WL#10956: Binary log storage access API

Affects: Server-8.0   —   Status: Complete   —   Priority: Low

EXECUTIVE SUMMARY
=================
This worklog implements a storage layer abstraction interface, making
it possible to decouple the act of capturing changes and persisting
them. Therefore, this is also a stepping stone for creating an
encrypted persistence layer, effectively providing encryption at rest
for the binary log.

DETAILS
=======
Currently, IO_CACHE is used for accessing binlog/relaylog files everywhere in
the code. It just supposes binlog/relaylog files are uncompressed and
unencrypted. So that is difficult to add encryption or compression features
into binlog/relaylog.

This worklog will encapsulate binlog/relaylog storage into a separate layer. A
group of interfaces will be defined for accessing binlog/relaylog files. The
interfaces can have different implementations. IO_CACHE will be encapsulated and
provided as an implementation of binlog storage accessing API for accessing
plain binlog/relaylog files. In the future, an encryption storage layer
implementation can be provided.

DEV STORIES
===========
- Developers want to define a common API for writing binlog/relay
  events to somewhere else than IO_CACHE. Binlog events shall be able to write
  into any object which support the common API.
  * It will make it easy to implement new access features(e.g encryption).
  * New implementations will not compromise existing implementations.
- Developers want to define a common API for reading binlog/relay
  events from somewhere else than IO_CACHE. Binlog events shall be able to read
  from any object which support the common API.
  * It will make it easy to implement new access features(e.g encryption).
  * New implementations will not compromise existing implementations.

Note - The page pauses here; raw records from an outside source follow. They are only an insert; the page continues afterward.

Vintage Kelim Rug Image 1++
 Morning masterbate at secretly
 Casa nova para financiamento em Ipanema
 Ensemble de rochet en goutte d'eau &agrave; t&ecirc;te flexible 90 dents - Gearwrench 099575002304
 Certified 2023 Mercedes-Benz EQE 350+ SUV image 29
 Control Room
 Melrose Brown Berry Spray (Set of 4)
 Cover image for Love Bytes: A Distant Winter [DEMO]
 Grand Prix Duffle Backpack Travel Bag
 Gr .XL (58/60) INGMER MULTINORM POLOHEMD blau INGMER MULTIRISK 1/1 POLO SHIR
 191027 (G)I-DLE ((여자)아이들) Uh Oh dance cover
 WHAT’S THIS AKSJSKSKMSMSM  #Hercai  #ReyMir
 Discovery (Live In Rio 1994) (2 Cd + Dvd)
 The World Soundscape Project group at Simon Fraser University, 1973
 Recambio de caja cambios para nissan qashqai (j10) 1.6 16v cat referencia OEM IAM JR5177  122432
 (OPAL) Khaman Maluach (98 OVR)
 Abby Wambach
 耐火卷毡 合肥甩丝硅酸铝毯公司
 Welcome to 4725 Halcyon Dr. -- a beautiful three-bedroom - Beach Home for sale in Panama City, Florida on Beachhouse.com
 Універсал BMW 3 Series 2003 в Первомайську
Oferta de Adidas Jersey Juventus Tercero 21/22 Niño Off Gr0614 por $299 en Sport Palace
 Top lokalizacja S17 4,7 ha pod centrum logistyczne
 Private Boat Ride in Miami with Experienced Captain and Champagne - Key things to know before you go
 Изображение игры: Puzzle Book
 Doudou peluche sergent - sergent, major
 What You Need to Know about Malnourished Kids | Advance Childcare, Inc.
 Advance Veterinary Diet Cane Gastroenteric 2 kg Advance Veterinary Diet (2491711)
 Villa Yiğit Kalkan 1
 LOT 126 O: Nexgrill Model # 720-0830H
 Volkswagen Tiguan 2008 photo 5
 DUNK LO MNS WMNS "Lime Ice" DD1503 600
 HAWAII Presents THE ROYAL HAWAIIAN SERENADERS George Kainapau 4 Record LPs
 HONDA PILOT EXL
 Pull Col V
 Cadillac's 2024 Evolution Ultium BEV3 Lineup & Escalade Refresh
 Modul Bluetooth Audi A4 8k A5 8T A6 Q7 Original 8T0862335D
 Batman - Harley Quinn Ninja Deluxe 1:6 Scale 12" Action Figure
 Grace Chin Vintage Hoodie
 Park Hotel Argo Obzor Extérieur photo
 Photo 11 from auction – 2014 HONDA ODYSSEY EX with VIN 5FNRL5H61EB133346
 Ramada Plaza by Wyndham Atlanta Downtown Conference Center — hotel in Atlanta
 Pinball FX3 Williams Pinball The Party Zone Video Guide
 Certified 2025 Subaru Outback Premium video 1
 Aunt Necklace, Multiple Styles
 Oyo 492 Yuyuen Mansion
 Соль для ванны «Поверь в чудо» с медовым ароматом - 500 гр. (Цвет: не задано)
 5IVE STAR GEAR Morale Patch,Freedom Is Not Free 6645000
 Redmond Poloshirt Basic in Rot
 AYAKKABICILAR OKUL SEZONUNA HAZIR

- Developers want to define a layered/chained/pipeline model for
  binlog/relay log files.
  * It is easy to add/remove a feature into/from the pipeline.
Functional Requirements
=======================
NONE

Non-Functional Requirements
===========================
NF1. It shall define some interfaces for reading and writing binlog files.
     The code just needs to call the interfaces for reading and writing binlog
     events without knowing any detail of the implementation of the interfaces.
NF2. It shall has an implementation for accessing events in binlog files.
NF3. It shall has an implementation for accessing events in binlog caches.
NF4. When adding new interfaces implementation (e.g. Encryption), it shall not
     change the existing interfaces. It should be enough just to implement the
     exact existing interfaces.
NF5. The patch shall not impact performance.
UPGRADE/DOWNGRADE
=================
No impact.

SECURITY
========
No impact.

OBSERVABILITY
=============
No impact.

PROTOCOLS
=========
No impact on protocols.
No impact on the on-the-wire format of the binlog.

DEPLOYMENT
==========
No new persistent or temporary files after this worklog.
No files removed.

Interface Specification
=======================
No interface change for users.

High-Level Specification
========================
* Binlog's accesses can be summarized as
- Searialize binlog events to a storage
  The the storage could be binlog cache, binlog file, buffer.
  This is done by Log_event::write[_xxx]() functions.
- Desearialize an binlog event from a storage
  could be a file or memory buffer.
- Reads byte events from a binlog file, it is the pattern in binlog_sender.
- Controls binlog process. do prepare, flush, sync, rotate related things.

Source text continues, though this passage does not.